Copy nothing before the line that contains "Incredible Hulk Green Bulldogs!"; from there, transcribe each line exactly through the end of the material, omitting pictures.

[SUPPLIED INFORMATION]:
□ □ □ □

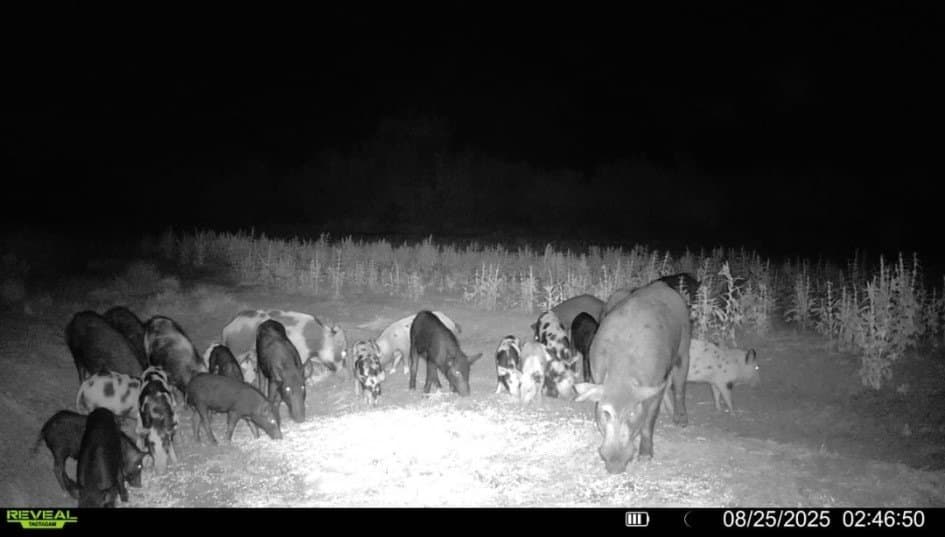 124.21 acres in Jim Wells County - photo 12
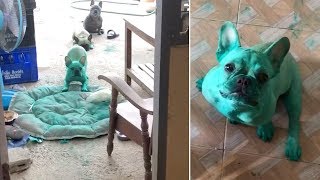 Incredible Hulk Green Bulldogs!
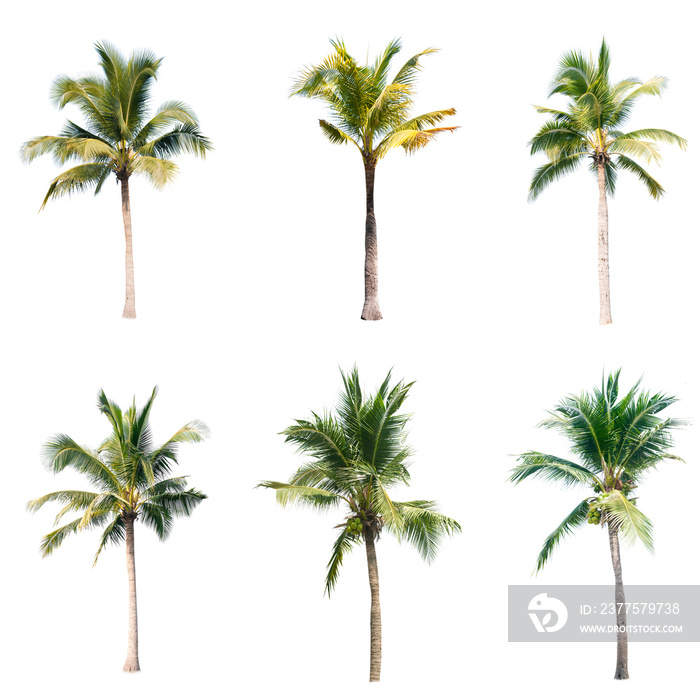 Palm tree or Coconut tree ,a green leaf isolation for summer background ,relax and vacation holiday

□ □ □ □

[EXERCISE ANSWER]:
 Incredible Hulk Green Bulldogs!
 Palm tree or Coconut tree ,a green leaf isolation for summer background ,relax and vacation holiday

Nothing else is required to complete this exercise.